# Flooded basement and Mold Remediation?



## AtlanticWBConst. (May 12, 2006)

Lightyear said:


> Hello,
> 
> We are flooded in my furnished basement. We have furniture and carpet. The water is still coming in after 5 days.
> 
> ...


Hi,

Because of the location of your damage (Basement) and the cause (flooding) - the chances of mold growth are extremely high. 
To answer your question: Yes, you should consider a company that does both removal, cleanup and mold/moisture remediation. No, getting the water out right away will not protect you against mold. 

Now the Problem: These companies are straight out handling the same problems with other homes right now.

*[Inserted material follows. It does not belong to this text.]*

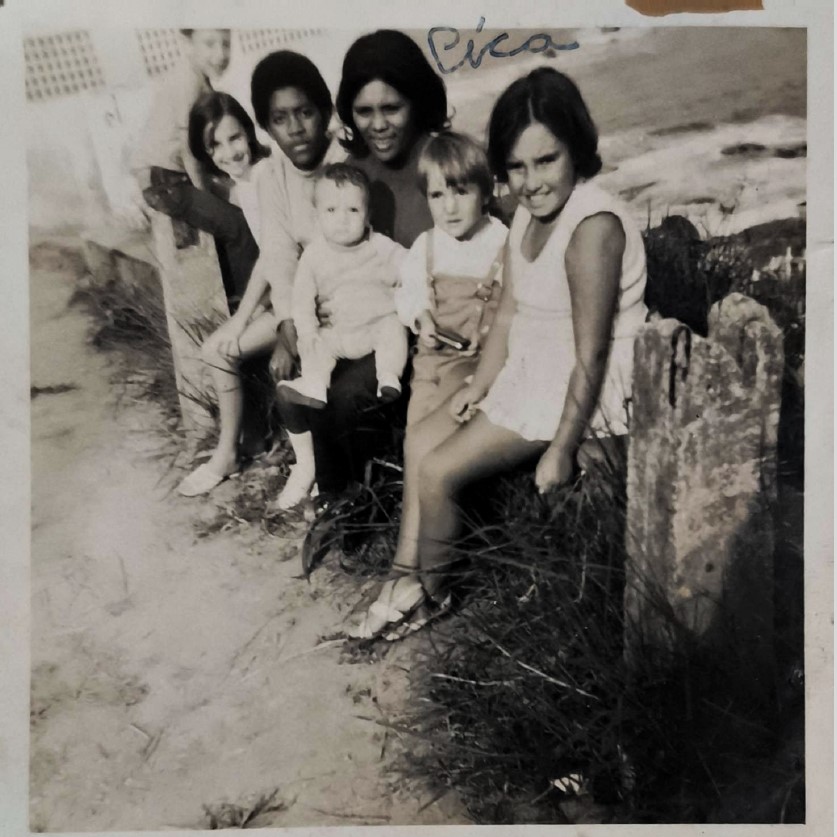 No centro da imagem está Dona Cícera, ainda jovem, em um momento de convivência com amigos e crianças, datado entre o final dos anos 1960 e início dos anos 1970. Ela aparece com um bebê no colo, cercada por outras crianças, em uma cena que transmite afeto e coletividade. O registro fotográfico, raro para o período e contexto social, representa não apenas um instante de encontro, mas também a valorização da memória e laços comunitários.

Here is a link with further information:

http://www.epa.gov/mold/moldresources.html

Good Luck.


----------



## handy man88 (Jan 23, 2007)

Generally speaking, you have about 24-48 hours to get rid of the water before mold starts to grow. Because of the weather though (not summer yet), I think you should be okay if you a) stop the water from coming in, b) get rid of all that stuff (furniture, carpet, etc.) as soon as possible, and most importantly c) dry out your basement. The steps that are being taken by your specialist are correct.

You do *NOT* need a mold remediation specialist until it is determined that you in fact DO HAVE MOLD. After the cleanup, I would hire an environmental consultant to do a mold inspection and air sample. His analysis will determine the extent of mold in your basement, and whether it's necessary to bring someone in.

I would not bring in a mold remediation company until you get that independant analysis from the consultant. That keeps parties separate and eliminates a "doom and gloom" scenario where they could use scare tactics to pad their profits.

The steps that your specialist is doing right now is pretty much equivalent to what a mold remediation company would do, but they will take it a few steps further. That includes:

* immediately sealing off the basement to prevent any possible mold to go upstairs. This includes HVAC returns in the basement.
* bagging all your basement belongings.
* removing all the wet drywall and insulation.
* sanding down any mold on wood surfaces.
* cleaning out your HVAC air ducts.
* installing fans to create a zero pressure atmosphere (draw a vaccuum) to pull all air outside while bombing the basement with a chemical that kills mold.
* spraying all suspect areas with the same chemical (this chemical supposedly becomes inert after 1 hour).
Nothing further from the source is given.